#### [TASK ITEM]
Give the data below again exactly as written, without its pictures.

#### [SUPPLIED DATA]
┄┄┄┄┄┄┄┄┄┄┄┄┄┄┄┄┄┄┄┄

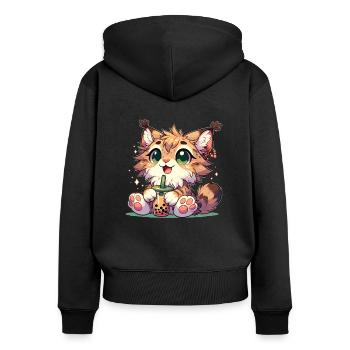 Kawaii Luchse Bubble Tea Boba Luchs - Frauen Premium Bio Zip Hoodie - Schwarz - Hinten - Julia (174cm)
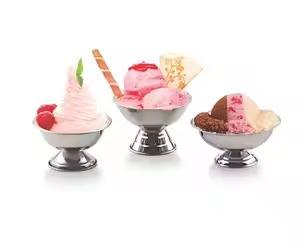 Tazón de metal de estilo clásico para servir helado, postres, en cafeterías y restaurantes - Product Image 6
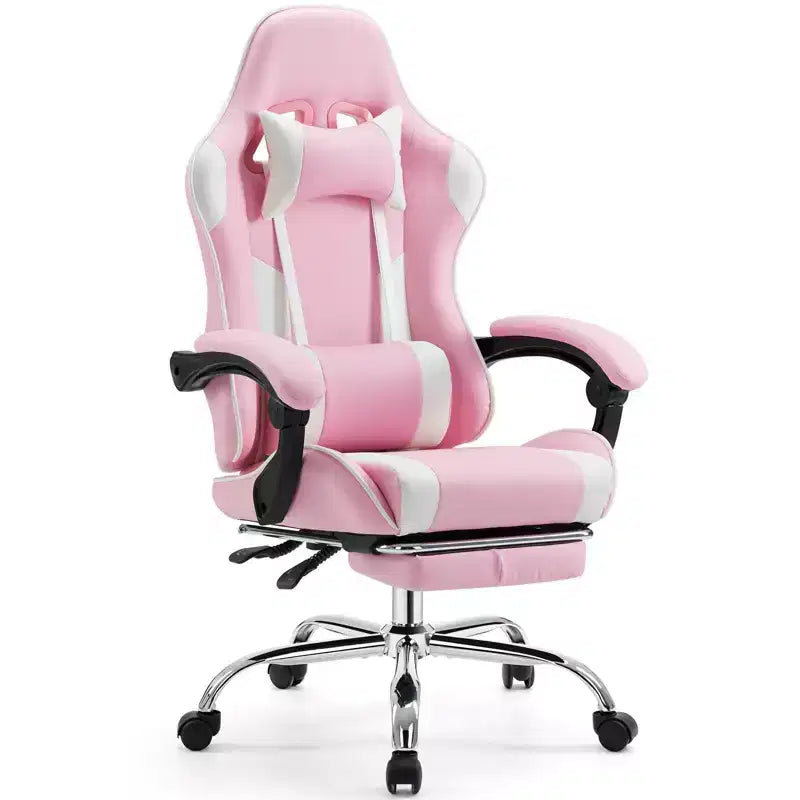 TUYOHW Ergonomic Gaming Chair with Footrest, PU Leather Recliner with Headrest and Fixed Up Armrest, Computer Chair for Study, Office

┄┄┄┄┄┄┄┄┄┄┄┄┄┄┄┄┄┄┄┄

#### [YOUR RESPONSE]
 Kawaii Luchse Bubble Tea Boba Luchs - Frauen Premium Bio Zip Hoodie - Schwarz - Hinten - Julia (174cm)
 Tazón de metal de estilo clásico para servir helado, postres, en cafeterías y restaurantes - Product Image 6
 TUYOHW Ergonomic Gaming Chair with Footrest, PU Leather Recliner with Headrest and Fixed Up Armrest, Computer Chair for Study, Office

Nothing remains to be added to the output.